LUIZ GERALDO MAZZA
Como se vê, nem o imediatismo da crise que leva ambas gestões a acrobacias para fechar as folhas de pagamento do funcionalismo em fim de ano, mormente o 13º, leva à reflexão
Quebrados e com pose
Os últimos eventos ratificaram que os governos estadual e o municipal de Curitiba estão quebrados, sob pressão de credores. Mas nem essa evidência de quebra (ela só se tornaria efetiva politicamente se ambos deixassem de pagar os barnabés) lhes retira a pose de gastadores.
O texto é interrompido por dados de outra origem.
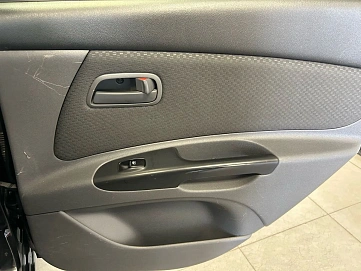 Kia Rio, 2010г., передний привод, механика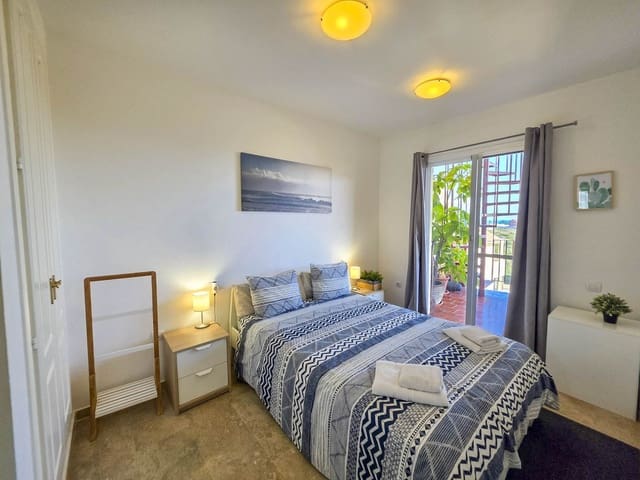 2 bedroom Penthouse for sale in La Duquesa / Puerto de la Duquesa, Manilva with pool garage - € 235,000 (Ref: 9367331)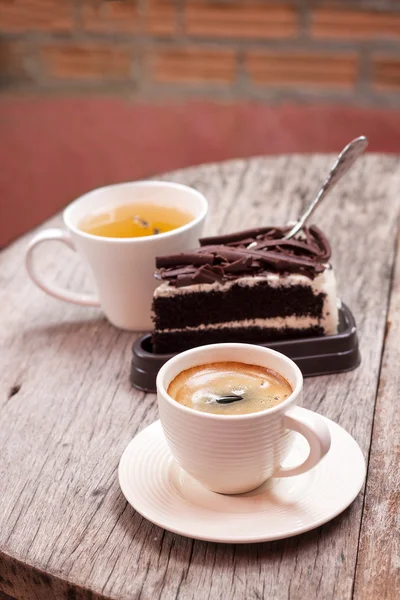 Hot tea and chocolate cake and  espresso — Stock Photo, Image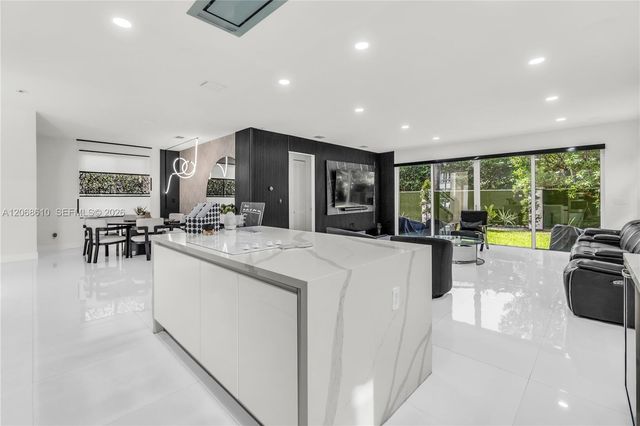 9730 NW 74th Terrace, Doral, FL 33178
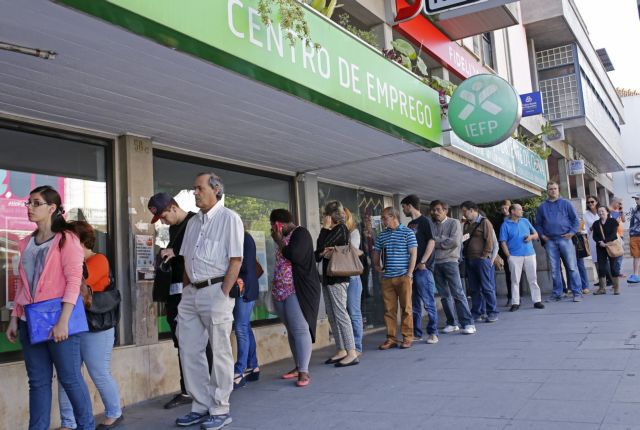 People wait at the employment center to open in Sintra, Portugal,  May 11, 2015. Portugal's jobless rate rose again in the two quarters to the end of March, a worrying sign for a country that had to be rescued with the international bailout it exited last year that was accompanied by a tough programme of reforms. Picture taken May 11, 2015. To match PORTUGAL-UNEMPLOYMENT/  REUTERS/Hugo Correia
O prefeito, por exemplo, insiste no metrô em meio a reação dos organismos sociais contra o aumento da tarifa de ônibus: assume uma dívida enorme para um desperdício inútil num itinerário atendido com eficiência no sistema atual que estabelecerá o caos com as escavações que durarão muito mais do que o cronograma imaginado e alvo possível da patologia de sempre com superfaturamento e vazamentos como os havidos com metrôs e trens em São Paulo e até hoje mal denunciados e nunca julgados.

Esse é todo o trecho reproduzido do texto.